Task instructions: Copying exactly, give the lines in the material below from the one with "Self-adhesive round wallpaper" to the one with "Small Teardrop Gold", ends included, and nothing besides.

Listed entries:
• • • • •

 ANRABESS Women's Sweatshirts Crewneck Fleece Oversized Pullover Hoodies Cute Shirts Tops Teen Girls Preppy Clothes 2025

• • • • •

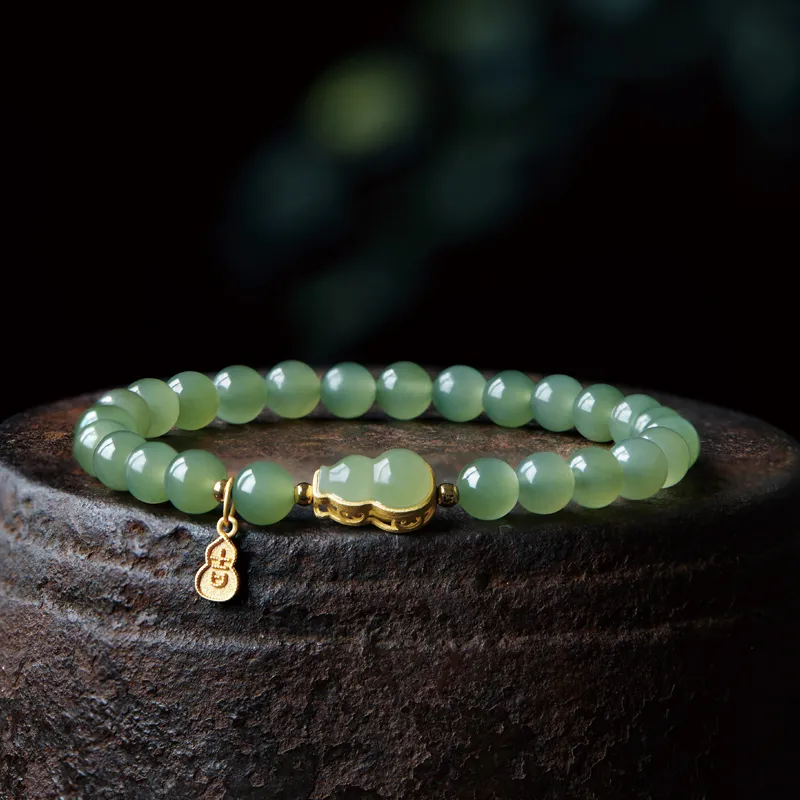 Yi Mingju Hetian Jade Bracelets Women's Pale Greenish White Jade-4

• • • • •

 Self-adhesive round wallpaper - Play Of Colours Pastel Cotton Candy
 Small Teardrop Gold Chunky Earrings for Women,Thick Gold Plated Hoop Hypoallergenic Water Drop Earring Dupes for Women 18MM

• • • • •

Answer area:
 Self-adhesive round wallpaper - Play Of Colours Pastel Cotton Candy
 Small Teardrop Gold Chunky Earrings for Women,Thick Gold Plated Hoop Hypoallergenic Water Drop Earring Dupes for Women 18MM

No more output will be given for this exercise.